The files aapl\*, msft\* contain trading data.  Data is
arranged in the file is in comma seprarated format-

    Date,Open,High,Low,Close,Volume,Adj Close
    2015-10-21,114.00,115.580002,113.699997,113.760002,41795200,113.760002
    2015-10-20,111.339996,114.169998,110.82,113.769997,48778800,113.769997
    2015-10-19,110.800003,111.75,110.110001,111.730003,29606100,111.730003
    2015-10-16,111.779999,112.00,110.529999,111.040001,38236300,111.040001
    2015-10-15,110.93,112.099998,110.489998,111.860001,37341000,111.860001

In this exercise you will write two functions: one that reads
in data from files of this format, and one which writes data
out to files of this format.
##### a)
You should be able to provide a name of the company such as- `aapl` alongwith the directory where the files might be located, and let the read function discover all the files. 
The data read in should be stored in a `dict` object and keyed on the date.
##### b) 
Append all `dict` objects together.
##### c) 
Write a function that accepts name of the company such as - `aapl` and a `dict` object with all the financial data concatenated. 
This function should write out all the data to a single file with the name such as- 
`aapl-mmmyy-mmmyy.csv`

## DataFrames!
Our data is represented by a DataFrame.

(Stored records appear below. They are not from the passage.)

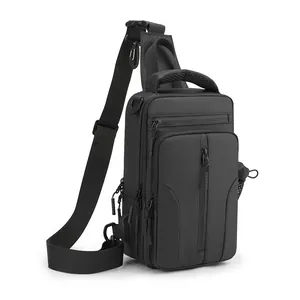 Zaino monospalla tattico impermeabile da uomo con porta USB e tracolla regolabile
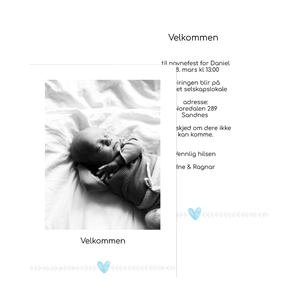 Hjerte lyseblå tosidig trykte invitasjonskort 10x15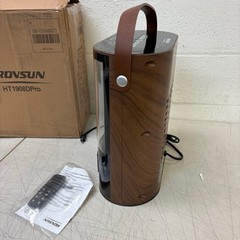 ROVSUN 1500W Electric Fireplace Heater with Remote & Timer, Brown, 120V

You can think of data frames as a giant spreadsheet which you can program. It's a collection of series (or columns) with a common set of commands that make managing data in Python super easy.

### 1. `pandas`
`pandas` is an open source, BSD-licensed library providing high-performance, easy-to-use data structures and data analysis tools for the Python programming language.

In [None]:
import pandas as pd

#### `read_csv()`
this function, and a variety of other read functions under pandas have been created to read in different file formats

Lets read in the `best-sandwiches` dataset

In [None]:
best_sws_df = pd.read_csv('../programming-for-analytics-course-material/data/best-sandwiches.csv')

#### `head()`
the head function allows us to peek at the first few rows of the df

In [None]:
best_sws_df.head()

By default the `head()` function only displays the first few rows of data... to be precise, 5 rows. 

We can display `n` rows of data from the top-

In [None]:
best_sws_df.head(10)

#### `tail()`
the tail function allows us to peek at the last few rows of the df

In [None]:
best_sws_df.tail()

By default the `tail()` function only displays the last few rows of data... to be precise, 5 rows.
We can display n rows of data from the bottom-

In [None]:
best_sws_df.tail(10)

#### `describe()`
the `describe()` function can be used to present descriptive stats on each column of the df

In [None]:
best_sws_df.describe()

However, describe will not work like your `R` function `summary()` and does not automatically present frequency information for categorical data

#### Reading a specific column
you do not need to display the entire df, or use the entire df for each calculation or output. One can also select a single column. 

In [None]:
best_sws_df.sandwich

We can also call the functions `head()`, `tail()`, and `describe()` on a single column-

In [None]:
best_sws_df.sandwich.head()

In [None]:
best_sws_df.sandwich.tail()

In [None]:
best_sws_df.sandwich.describe()

#### Note
This method of referring to a column only returns a `read-only` copy. So you cannot modify the column. 

#### Creating a new column
The way to create or modify a new column is to refer to the column using the following format-

In [None]:
best_sws_df["sandwich"].head()

We should probably normalize the names, by converting all the names to upper case.

In [None]:
best_sws_df["sandwich"] = best_sws_df.sandwich.apply(lambda x: x.upper())
best_sws_df.sandwich.head()

#### `unique()`
the `unique()` function provides a list of unique values in a given columns

In [None]:
list(best_sws_df.price.unique())

The number of unique values in the price column can be calculated using the `len()` function

In [None]:
len(list(best_sws_df.price.unique()))

#### or

In [None]:
best_sws_df.price.nunique()

#### `value_counts()`
the function `value_counts()` provides a frequency for each unique level in a column-

In [None]:
import matplotlib.pyplot as plt
%pylab inline
best_sws_df.price.value_counts().plot("bar")
plt.show

### 2. Exercises!
#### Q1
Read in the financial data file you have created as a dataframe (concatenation of all the files for a company).
#### Q2
Provide descriptive statistics for all columns of this data